■ **WHAT YOU SHOULD DO**
The lines in the listing below are to be given again exactly, starting at the line holding "nr-125-villa-nightfall_005" and ending at the line holding "LONG BAR HARBOR - Residential". Do not include pictures.

■ **RECORDS FOR THIS TASK**
■ ■ ■ ■

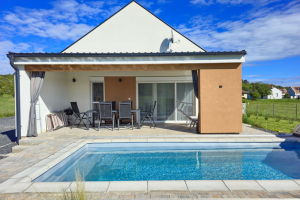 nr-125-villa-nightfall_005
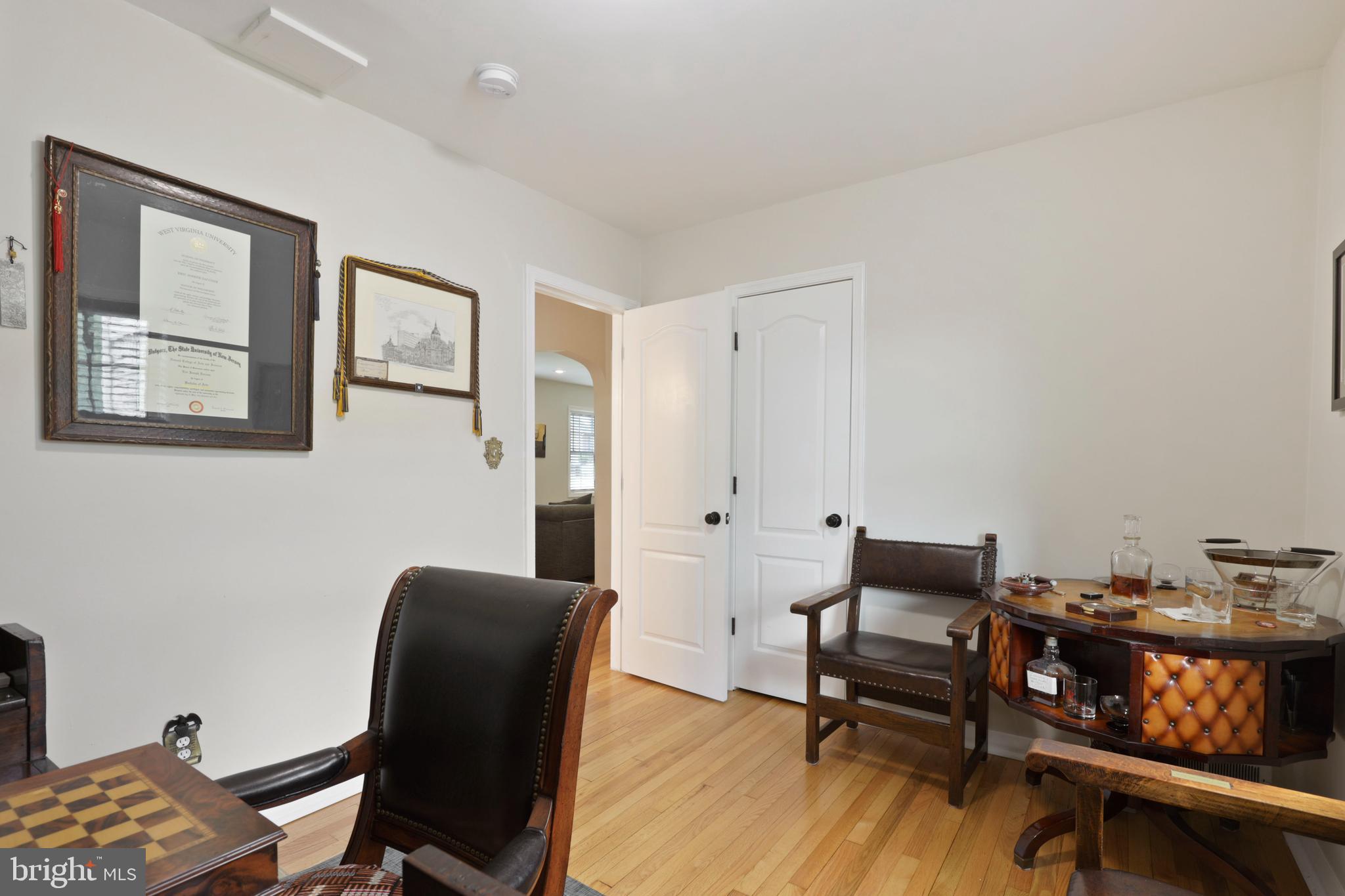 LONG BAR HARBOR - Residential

■ ■ ■ ■

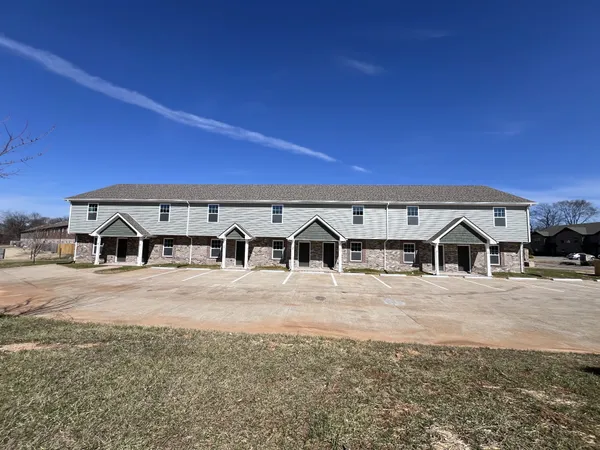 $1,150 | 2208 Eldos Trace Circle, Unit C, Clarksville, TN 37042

■ ■ ■ ■

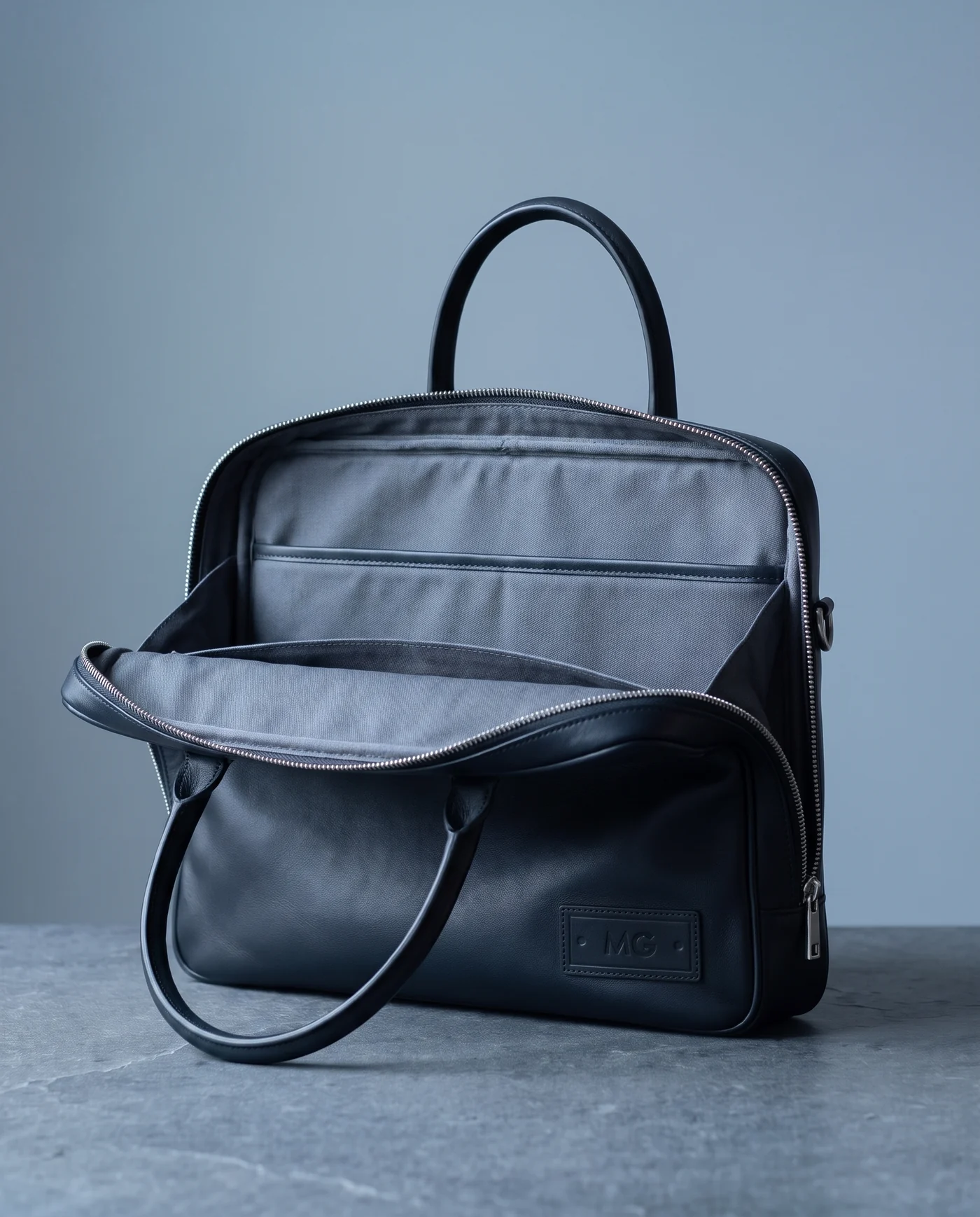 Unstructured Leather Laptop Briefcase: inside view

■ ■ ■ ■

■ **WRITTEN ANSWER**
 nr-125-villa-nightfall_005
 LONG BAR HARBOR - Residential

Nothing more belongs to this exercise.